I've seen people do terrible mind rotting things with XML (e.g. encoded XML documents as attribute values in other XML documents and nested a few levels deep, using XML documents as keys in databases, using formats that aren't quite valid XML and then there is SOAP....)
I think "bloated" is a reasonable description when a feature that almost no one uses (or even knows the existence of) can DoS an XML parser in 15 lines of code.
And it especially is bloated if you throw in the whole suite of XML-related technologies, such as Schema (you may think that's unfair, but XML advocates frequently point to such technologies as the solution to various deficiencies of pure XML).
I agree with the sentiment of this post but I believe the parent is specifically referring to "bloat" that comes from XML being "perhaps too simple".
For example:
<e1> first <e2> second </e2> third </e1>
If you're parsing this into a data structure, how you you store "first" and "third"? There are a few different, very similar options. This ambiguity means XML parsers account for this differently and a particular programmer is going to have to sort through the various options to find what he needs (dom/etree/xpath/sax/etc). JSON (mostly) forces the author to decide how it should be parsed before encoding the data.
I'd say it's unfair to say XML is bloated, it's reasonable to say that the "world of XML parsing" is bloated and confusing, especially if you're a programmer looking for a data serialization format.
> I don't see any advantage in using XML to be honest
Well, it's great for what it was intended for: structured documents.
I work at a library, where I'm dealing with thousands of digitized books and I haven't yet found a proper non-XML alternative to something like TEI.
I haven't had much of a chance to play with it yet, but I wonder how it would handle a query to find all the "baz" elements for a structure like this: http://pastebin.com/m7qTy8kw. Does it just support a loop, or possibly something similar to xpath like /document/foo/bar/baz to get an array of all of them. (Perhaps document["foo"]["bar"]["baz"], though I think that would break other things.)
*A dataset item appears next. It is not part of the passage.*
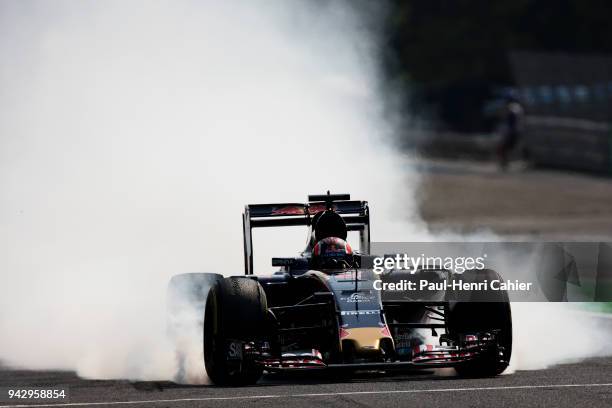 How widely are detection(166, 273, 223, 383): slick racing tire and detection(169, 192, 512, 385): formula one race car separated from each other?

I would not recommend XML::Simple, there are various cases (not even that uncommon - say having an attribute and an element of the same name) where it breaks down.
It may be awkward to use at times, but XML::LibXML is robust and consistent.
I work with a lot of translation services. While the machine translation services are easy to deal with, the professional translation agencies _love_ XML. They also generally know f--- all about building usable web APIs. This looks pretty useful.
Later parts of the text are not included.